AZZ incorporated (NYSE:AZZ) Q4 2018 Earnings Conference Call - Preliminary Transcript
May 15, 2018 • 11:00 am ET
Good morning, Tom. Paul, nice to have you guys back.
Thank you, John.
Couple of questions, I guess, I'm going to start with the guidance. It's actually better than expected on the top line. So I want to go through a little bit in detail yes. Firstly, how much of acquisition-related revenue is built into your top line guidance? And while I'm talking about revenue, should we expect a similar normal distribution on that revenue being heavily weighted in Q1 and Q3?
Yeah. I think the -- we did, because we have closed on the Lectrus deal in March. We have embedded that in our guidance, as well as rock as Rogers Galvanizing. We don't have other anticipated acquisitions embedded in that at this point. So we're able to do in our normal galvanizing type acquisitions, the Powder Coating would be incremental to this. I'm looking at Paul to answer the question on Q1 and Q3.
Yeah. So, none of this is going to be relatively industrial. So..

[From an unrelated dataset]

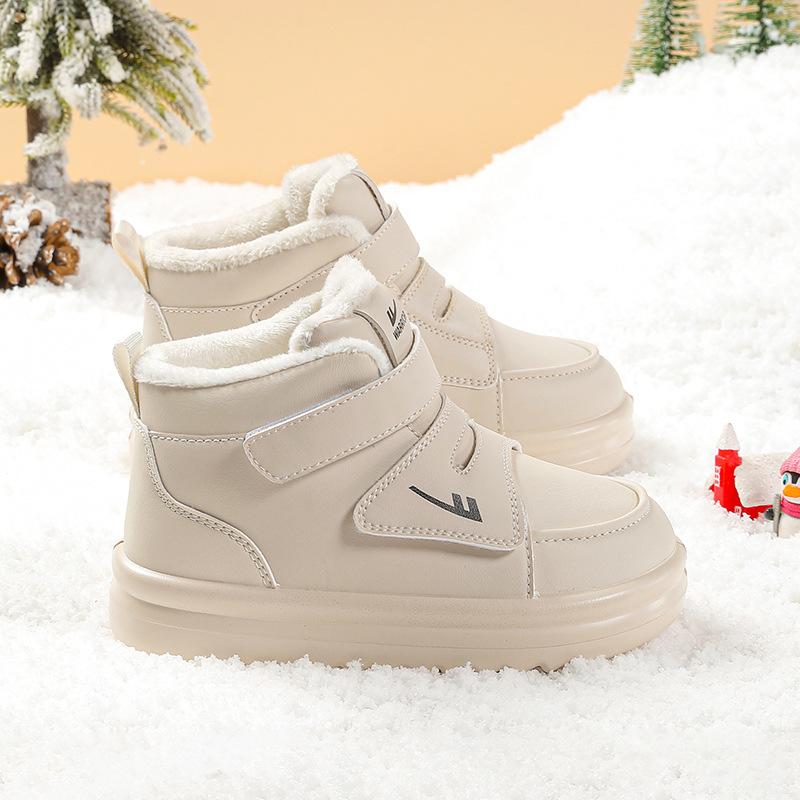Children's cotton shoes winter new cold-proof thickened children's winter shoes older children's velvet warm cotton boots B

we're not going to look for that sort of a cyclical turn on 1 and 3. The galvanizing is little flatter than that, probably down a little bit in Q4 reduction, especially Metal Coatings business. So, look, the incremental based on this, I believe is about 25ish, there's a little -- did you hear more John and yes, you would look for pretty fair margins out of these businesses off the bat.
Perfect, okay. And on the gross margin profile on the electrical side of the business. Is there contracts that is still working through that has lower margins that are working against you in the near-term. Can you kind of talk about or maybe is it you're -- you mentioned a competitive landscape was a problem. When does the margin profile come closer to historic trends on that business?
We're already happy with the electric system. We're very happy with what we're seeing out of the spinner up in Illinois, which is Rogers Brothers. And so, yes, we have pretty comparable margins.
Okay, good. Good question, because we're -- that's part of what's going on with that margin ramp up is that, on the Energy side, especially Electrical, there were some jobs taken that were at some challenging margins and that's really where the market was at that point. We saw a market -- the challenging market last year as there was lot of capacity in certain areas, especially enclosures.
We -- you'll probably see those starting to turn up, I'll say, towards the end of the year, probably third quarter, and you'll see them ramp for the next -- well, probably into 2019. I'm not going to give you the exact ramp dimensions there, but yes, you're calling it right, which is they're lower right now. And that's part of what you're seeing is the dynamic between the higher revenue and -- I mean, a bit lower margin than you might expect on the guidance.